Satoła Alicja, Bauer Edyta Agnieszka
Department of Genetics, Animal Breeding and Ethology, Faculty of Animal Science, University of Agriculture in Krakow, al. Mickiewicza 24/28, 30-059 Krakow, Poland.
Department of Animal Reproduction, Anatomy and Genomics, Faculty of Animal Science, University of Agriculture in Krakow, al. Mickiewicza 24/28, 30-059 Krakow, Poland.
Animals (Basel). 2021 Jul 19;11(7):2131. doi: 10.3390/ani11072131.

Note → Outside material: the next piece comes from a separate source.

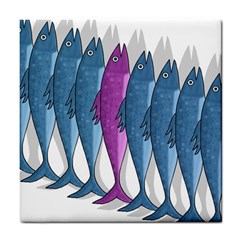 Mackerel Miltary Tile Coasters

The diagnosis of subclinical ketosis in dairy cows based on blood ketone bodies is a challenging and costly procedure. Scientists are searching for tools based on results of milk performance assessment that would allow monitoring the risk of subclinical ketosis. The objective of the study was (1) to design a scoring system that would allow choosing the best machine learning models for the identification of cows-at-risk of subclinical ketosis, (2) to select the best performing models, and (3) to validate them using a testing dataset containing unseen data. The scoring system was developed using two machine learning modeling pipelines, one for regression and one for classification. As part of the system, different feature selections, outlier detection, data scaling and oversampling methods were used. Various linear and non-linear models were fit using training datasets and evaluated on holdout, testing the datasets. For the assessment of suitability of individual models for predicting subclinical ketosis, three β-hydroxybutyrate concentration in blood (bBHB) thresholds were defined: 1.0, 1.2 and 1.4 mmol/L. Considering the thresholds of 1.2 and 1.4, the logistic regression model was found to be the best fitted model, which included independent variables such as fat-to-protein ratio, acetone and β-hydroxybutyrate concentrations in milk, lactose percentage, lactation number and days in milk. In the cross-validation, this model showed an average sensitivity of 0.74 or 0.75 and specificity of 0.76 or 0.78, at the pre-defined bBHB threshold 1.2 or 1.4 mmol/L, respectively. The values of these metrics were also similar in the external validation on the testing dataset (0.72 or 0.74 for sensitivity and 0.80 or 0.81 for specificity). For the bBHB threshold at 1.0 mmol/L, the best classification model was the model based on the SVC (Support Vector Classification) machine learning method, for which the sensitivity in the cross-validation was 0.74 and the specificity was 0.73. These metrics had lower values for the testing dataset (0.57 and 0.72 respectively). Regression models were characterized by poor fitness to data (R < 0.4). The study results suggest that the prediction of subclinical ketosis based on data from test-day records using classification methods and machine learning algorithms can be a useful tool for monitoring the incidence of this metabolic disorder in dairy cattle herds.
基于血酮体诊断奶牛亚临床酮病是一项具有挑战性且成本高昂的程序。科学家们正在寻找基于牛奶生产性能评估结果的工具,以便监测亚临床酮病风险。本研究的目的是:(1)设计一个评分系统,用于选择识别亚临床酮病风险奶牛的最佳机器学习模型;(2)选择性能最佳的模型;(3)使用包含未见数据的测试数据集对其进行验证。评分系统是使用两个机器学习建模管道开发的,一个用于回归,一个用于分类。作为系统的一部分,使用了不同的特征选择、异常值检测、数据缩放和过采样方法。使用训练数据集拟合各种线性和非线性模型,并在留出法中进行评估,测试数据集。为了评估各个模型预测亚临床酮病的适用性,定义了三个血液中β-羟基丁酸(bBHB)浓度阈值:1.0、1.2和1.4 mmol/L。考虑到1.2和1.4的阈值,发现逻辑回归模型是最佳拟合模型,该模型包括乳脂率与乳蛋白率、牛奶中丙酮和β-羟基丁酸浓度、乳糖百分比、泌乳次数和泌乳天数等自变量。在交叉验证中,该模型在预定义的bBHB阈值1.2或1.4 mmol/L时,平均灵敏度分别为0.74或0.75,特异性分别为0.76或0.78。在测试数据集的外部验证中,这些指标的值也相似(灵敏度为0.72或0.74,特异性为0.80或0.81)。对于bBHB阈值为1.0 mmol/L,最佳分类模型是基于支持向量分类(SVC)机器学习方法的模型,其在交叉验证中的灵敏度为0.74,特异性为根据测试数据集,这些指标的值较低(分别为0.57和0.72)。回归模型的数据拟合度较差(R < 0.4)。研究结果表明,使用分类方法和机器学习算法基于测定日记录数据预测亚临床酮病,可成为监测奶牛群体中这种代谢紊乱发病率的有用工具。